# **Bank Customer Exit Predictor (CI PP-5)** 

# **Exited Customer Data Analysis**

## Objectives

* Answer business requirement 1:
  * The bank is interested in identyfying from the available data most relevant customer attributes which are correlated to customer exit.

## Inputs

* outputs/datasets/collection/BankCustomerData.csv

## Outputs

* Create code to answer business requirement 1 and help in building the Streamlit App


---

# Change working directory

* Notebooks are being stored in a subfolder, therefore when running the notebook in the editor, we need to change the working directory from its current folder to parent folder


1. We access the current directory with os.getcwd()

In [None]:
import os
current_dir = os.getcwd()
current_dir

2. We want to make the parent of the current directory the new current directory
* os.path.dirname() gets the parent directory
* os.chir() defines the new current directory

In [None]:
os.chdir(os.path.dirname(current_dir))
print("You have set a new current directory")
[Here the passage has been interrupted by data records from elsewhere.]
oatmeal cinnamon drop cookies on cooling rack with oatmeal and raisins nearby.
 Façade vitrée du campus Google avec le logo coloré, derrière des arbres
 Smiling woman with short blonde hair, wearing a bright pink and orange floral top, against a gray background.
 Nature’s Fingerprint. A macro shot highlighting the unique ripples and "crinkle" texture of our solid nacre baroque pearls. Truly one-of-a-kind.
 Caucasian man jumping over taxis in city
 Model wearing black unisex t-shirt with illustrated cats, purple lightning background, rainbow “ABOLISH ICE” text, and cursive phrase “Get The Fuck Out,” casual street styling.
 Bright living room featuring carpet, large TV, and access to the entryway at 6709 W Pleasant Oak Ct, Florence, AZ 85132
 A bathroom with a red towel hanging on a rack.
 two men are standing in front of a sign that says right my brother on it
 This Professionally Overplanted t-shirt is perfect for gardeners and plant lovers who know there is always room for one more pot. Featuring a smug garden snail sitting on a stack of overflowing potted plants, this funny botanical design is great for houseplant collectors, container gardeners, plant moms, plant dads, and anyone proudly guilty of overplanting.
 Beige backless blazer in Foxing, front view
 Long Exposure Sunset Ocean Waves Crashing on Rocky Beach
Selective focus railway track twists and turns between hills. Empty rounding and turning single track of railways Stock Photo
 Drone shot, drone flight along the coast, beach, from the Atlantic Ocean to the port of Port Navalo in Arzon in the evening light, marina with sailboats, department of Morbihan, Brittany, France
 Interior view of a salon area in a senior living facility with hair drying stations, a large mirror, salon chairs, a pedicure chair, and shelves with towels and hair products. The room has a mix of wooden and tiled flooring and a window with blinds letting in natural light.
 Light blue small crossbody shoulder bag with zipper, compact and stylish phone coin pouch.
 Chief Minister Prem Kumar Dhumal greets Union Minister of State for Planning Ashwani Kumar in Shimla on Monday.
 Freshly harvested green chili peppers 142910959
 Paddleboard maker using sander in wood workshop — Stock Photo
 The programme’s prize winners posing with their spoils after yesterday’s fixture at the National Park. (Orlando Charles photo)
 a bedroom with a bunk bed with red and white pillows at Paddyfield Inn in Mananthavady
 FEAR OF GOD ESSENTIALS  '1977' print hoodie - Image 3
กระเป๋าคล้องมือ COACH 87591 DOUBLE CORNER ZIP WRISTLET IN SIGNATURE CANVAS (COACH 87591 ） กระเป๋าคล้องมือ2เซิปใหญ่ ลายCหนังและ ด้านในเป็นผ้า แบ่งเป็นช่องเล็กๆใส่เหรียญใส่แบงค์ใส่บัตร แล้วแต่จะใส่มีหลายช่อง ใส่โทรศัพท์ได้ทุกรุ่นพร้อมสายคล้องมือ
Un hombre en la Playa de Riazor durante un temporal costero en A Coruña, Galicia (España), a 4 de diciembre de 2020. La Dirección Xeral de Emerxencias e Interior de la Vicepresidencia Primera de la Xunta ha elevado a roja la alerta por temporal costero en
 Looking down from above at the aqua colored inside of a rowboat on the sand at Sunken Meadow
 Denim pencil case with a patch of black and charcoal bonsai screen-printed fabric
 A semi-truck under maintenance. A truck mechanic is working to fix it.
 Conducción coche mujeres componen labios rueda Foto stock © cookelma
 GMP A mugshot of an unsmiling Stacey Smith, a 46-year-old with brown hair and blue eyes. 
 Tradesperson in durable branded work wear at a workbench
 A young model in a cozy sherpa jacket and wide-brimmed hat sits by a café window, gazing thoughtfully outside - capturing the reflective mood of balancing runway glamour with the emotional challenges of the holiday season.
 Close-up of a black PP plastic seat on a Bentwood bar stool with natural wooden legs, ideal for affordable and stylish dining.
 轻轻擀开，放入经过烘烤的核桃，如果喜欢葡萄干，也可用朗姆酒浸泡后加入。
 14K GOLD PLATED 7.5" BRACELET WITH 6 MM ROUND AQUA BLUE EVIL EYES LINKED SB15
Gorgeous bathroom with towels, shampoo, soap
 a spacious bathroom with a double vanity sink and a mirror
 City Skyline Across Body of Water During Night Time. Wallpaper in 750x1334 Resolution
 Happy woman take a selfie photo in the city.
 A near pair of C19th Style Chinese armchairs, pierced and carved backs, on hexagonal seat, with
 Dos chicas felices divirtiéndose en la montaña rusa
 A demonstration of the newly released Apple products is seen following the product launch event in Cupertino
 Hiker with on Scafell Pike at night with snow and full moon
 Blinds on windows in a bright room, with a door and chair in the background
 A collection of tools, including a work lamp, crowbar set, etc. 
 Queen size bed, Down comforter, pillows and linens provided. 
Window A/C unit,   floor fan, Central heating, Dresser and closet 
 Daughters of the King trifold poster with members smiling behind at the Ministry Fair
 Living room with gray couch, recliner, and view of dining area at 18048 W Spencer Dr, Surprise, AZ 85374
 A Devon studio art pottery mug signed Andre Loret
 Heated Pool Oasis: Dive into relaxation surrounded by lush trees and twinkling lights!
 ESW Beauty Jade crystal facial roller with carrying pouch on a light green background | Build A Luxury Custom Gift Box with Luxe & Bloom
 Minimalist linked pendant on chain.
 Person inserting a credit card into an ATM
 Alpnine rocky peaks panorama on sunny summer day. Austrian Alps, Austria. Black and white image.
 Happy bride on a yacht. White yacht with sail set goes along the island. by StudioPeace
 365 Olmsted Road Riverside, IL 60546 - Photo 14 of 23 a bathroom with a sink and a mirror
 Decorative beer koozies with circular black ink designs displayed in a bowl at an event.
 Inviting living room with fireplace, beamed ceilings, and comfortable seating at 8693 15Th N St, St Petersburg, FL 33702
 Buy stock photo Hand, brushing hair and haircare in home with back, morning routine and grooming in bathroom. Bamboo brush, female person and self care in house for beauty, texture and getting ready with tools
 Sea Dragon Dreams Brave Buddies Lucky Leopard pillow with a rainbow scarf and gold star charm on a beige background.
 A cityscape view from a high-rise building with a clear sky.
3. Confirm the new current directory

In [None]:
current_dir = os.getcwd()
current_dir

---

# Load Data

* Loading dataset from outputs folder, however we are not including variables: CustomerID, Surname and RowNumber as they are just identifiers and dont impact the exit study.

In [None]:
import pandas as pd
df = (pd.read_csv("outputs/datasets/collection/BankCustomerData.csv")
    .drop(['CustomerId','Surname','RowNumber'], axis=1)
    )
df.head(3)


---

# Data Exploration

We will create a profile report of the dataset to examine and analyse variable type and distribution, also to understand missing levels. We will try to understand the relevance of these varibles in a business context.

In [None]:
from ydata_profiling import ProfileReport
pandas_report = ProfileReport(df=df, minimal=True)
pandas_report.to_notebook_iframe()

---

# Correlation Study

* We are using OneHotEncoder to convert categorical variables 'Gender' and 'Geography'. 

In [None]:
from feature_engine.encoding import OneHotEncoder
encoder = OneHotEncoder(variables=df.columns[df.dtypes=='object'].to_list(), drop_last=False)
df_enc = encoder.fit_transform(df)
print(df_enc.shape)
df_enc.head(5)

We use the .corr() from pandas library and use 'spearman' and 'pearson' methods to identify top correlations.
* As the first item is Exited and Exited we excude it using [1:]
* We sort values basis the absolute value, this is done by setting key=abs

In [None]:
corr_spearman = df_enc.corr(method='spearman')['Exited'].sort_values(key=abs, ascending=False)[1:]
corr_spearman

* Similarly for Pearson

In [None]:
corr_pearson = df_enc.corr(method='pearson')['Exited'].sort_values(key=abs, ascending=False)[1:]
corr_pearson

Basis Spearman and Pearson methods we notice there is weak levels of correlation between Exited and other variables.
* Ideally a strong correlation level should be considered, However this is not always possible.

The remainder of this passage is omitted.